I've been working with Rhino Mocks for a couple of days now and I'm duly impressed. Aside from being generally useful, the Rhino Mocks syntax is mostly natural and some very clever design hacks are used to make it work the way you'd expect it to. (In case you don't know what mocking frameworks are, the subject has been tackled ad nauseam. Just take your pick.)

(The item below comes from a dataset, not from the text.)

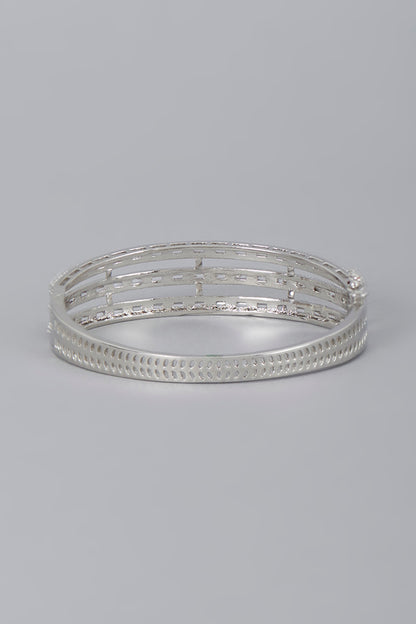 White Finish Zircon Bracelet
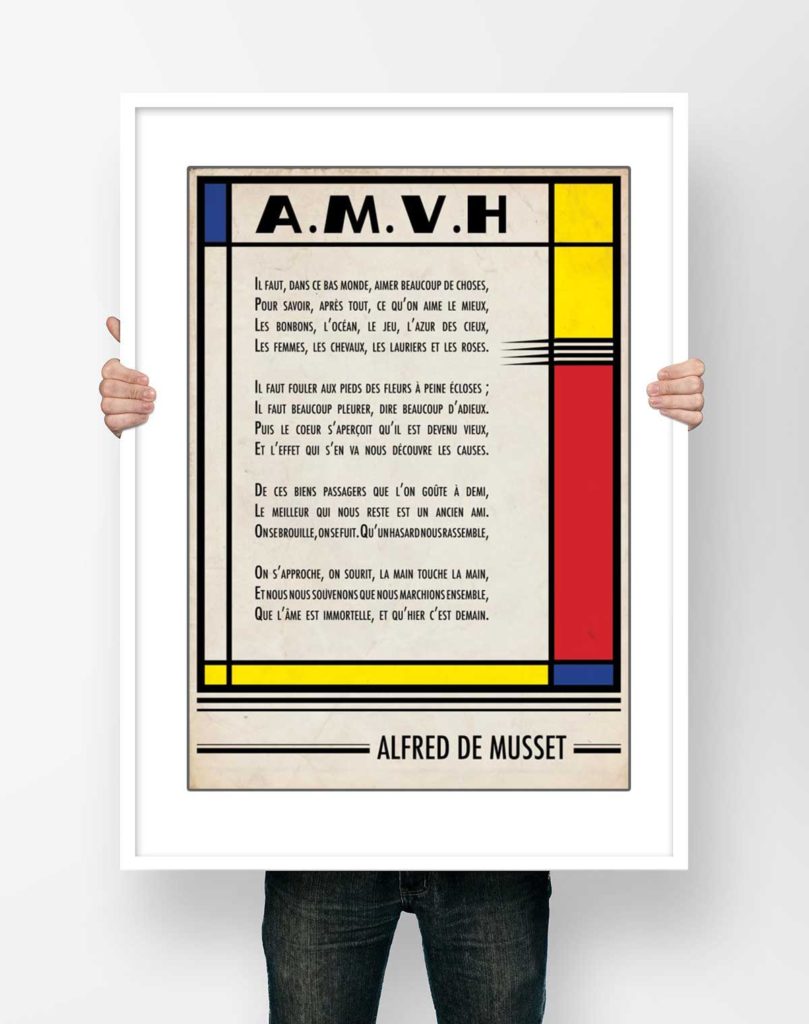 Alfred de Musset A.M.V.H Affiche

There is one caveat that is not immediately visible in the Record-Playback syntax, though:
internal interface IFoo { int Bar(); }[Test] [ExpectedException( typeof( InvalidOperationException ), "Type 'System.Object' doesn't match the return type " + "'System.Int32' for method 'IFoo.Bar();'" )] public void TestRecordSyntax_ReturnTypeMismatchBehavior() { MockRepository mocks = new MockRepository(); IFoo mock = mocks.CreateMock<IFoo>(); using ( mocks.Record() ) Expect.Call( mock.Bar() ).Return( new object() ); }
internal interface IFoo { int Bar(); }
[Test] [ExpectedException( typeof( InvalidOperationException ), "Type 'System.Object' doesn't match the return type " + "'System.Int32' for method 'IFoo.Bar();'" )] public void TestRecordSyntax_ReturnTypeMismatchBehavior() { MockRepository mocks = new MockRepository(); IFoo mock = mocks.CreateMock<IFoo>(); using ( mocks.Record() ) Expect.Call( mock.Bar() ).Return( new object() ); }
This simple test merely returns an incorrectly typed return value for the IFoo.Bar method, so with the ExpectedException in place you'd expect it to succeed, but you're in for a surprise:
[failure] RecordPlaybackTests.TestSetup.ConsistentReturnTypeMismatchBehaviorTestCase 'RecordPlaybackTests.TestSetup.ConsistentReturnTypeMismatchBehavior'failed: Exception of type 'MbUnit.Core.Exceptions.ExceptionExpectedMessageMismatchException' was thrown. Expected exception message: "Type 'System.Object' doesn't match the return type 'System.Int32' for method 'IFoo.Bar();'", got "Previous method 'IFoo.Bar();' require a return value or an exception to throw.".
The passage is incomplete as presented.